A test of gun oils vs multipurpose oils
Every time I enter a gun store, I see a lot of new, “miracle” gun oils. Some of these will even publish results of tests showing how their product is superior to every other product on the market.
I decided to run a test to compare some of these products to see if any really were superior, in regards to lubricity.
As a disclaimer, I realize lubricity is only one of many important characteristics of oil. Some others are film strength, viscosity, corrosion resistance, ad infinitum. The scope of my testing did not test any of these other characteristics. I was only interested in how slippery the oils were. One of the claims of the newer oils, which looks promising, is that they penetrate the metals on a molecular level, leaving a slippery surface, even after the oil is wiped off. I also tested this claim.

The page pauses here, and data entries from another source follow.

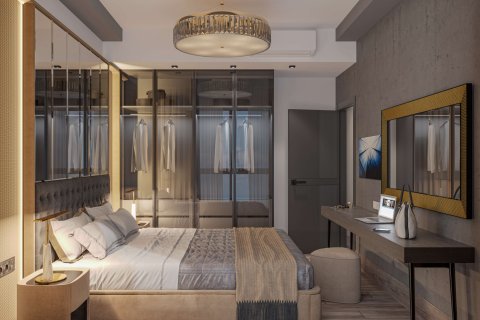 Apartment for sale in Alanya, Antalya, Turkey, 2 bedrooms, 82m2, No. 185795 – photo 9
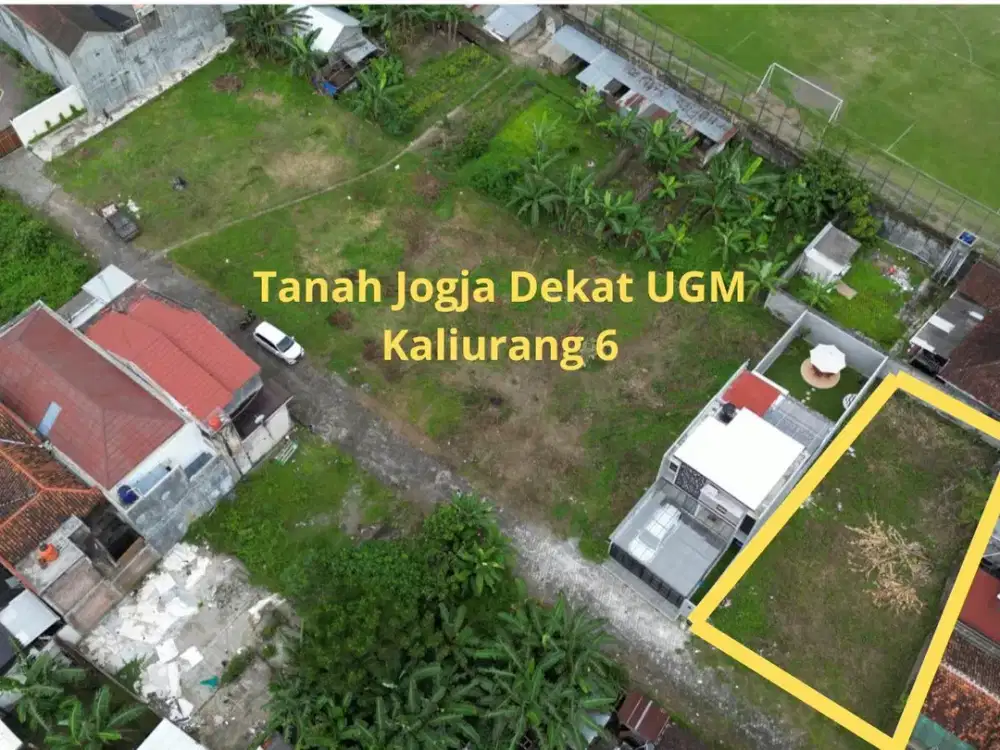 Dekat UGM, Prospek Kost dan Hunian Jakal km 6 Jogja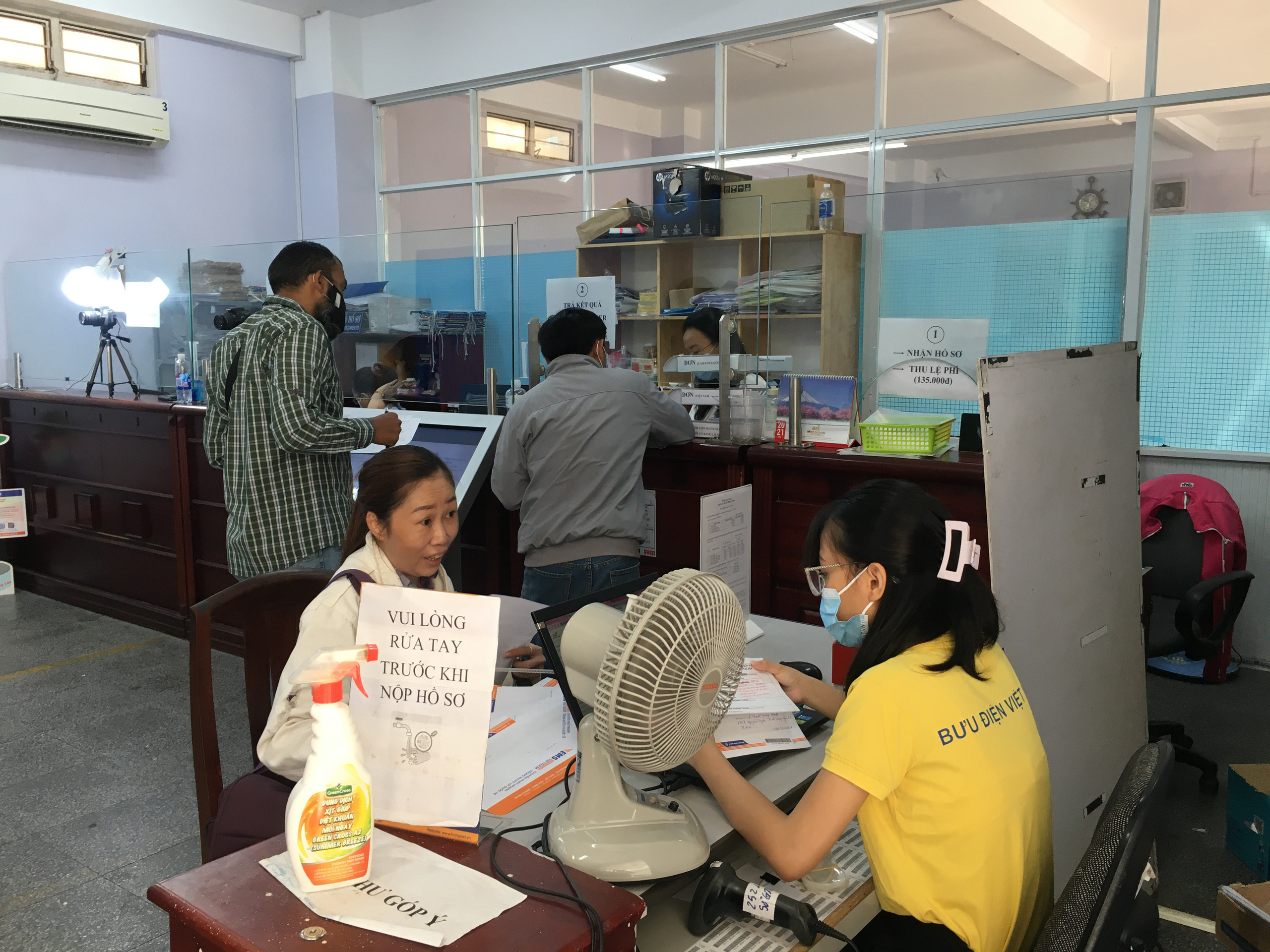 LƯU Ý: Thí điểm thi lái xe ở TP HCM sẽ được "cấp bằng tại chỗ”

My apparatus consisted of two 1 ¼” chrome plated steel ball bearings, welded together. I also had a piece of extruded aluminum angle, hinged at one end. I put the balls in the “v” groove of the aluminum, and elevated one end. From the angle of the aluminum at which the balls began to slide, I could calculate the amount of force necessary to move the balls (Force=m*a*sine?). From this I could calculate the frictional force we had to overcome (Friction=N*m), and the coefficient of friction for each oil (N). However, all of these numbers are proportional to the angle involved, so I am simply showing the angle involved in each case. The smaller the angle, the slicker the oil.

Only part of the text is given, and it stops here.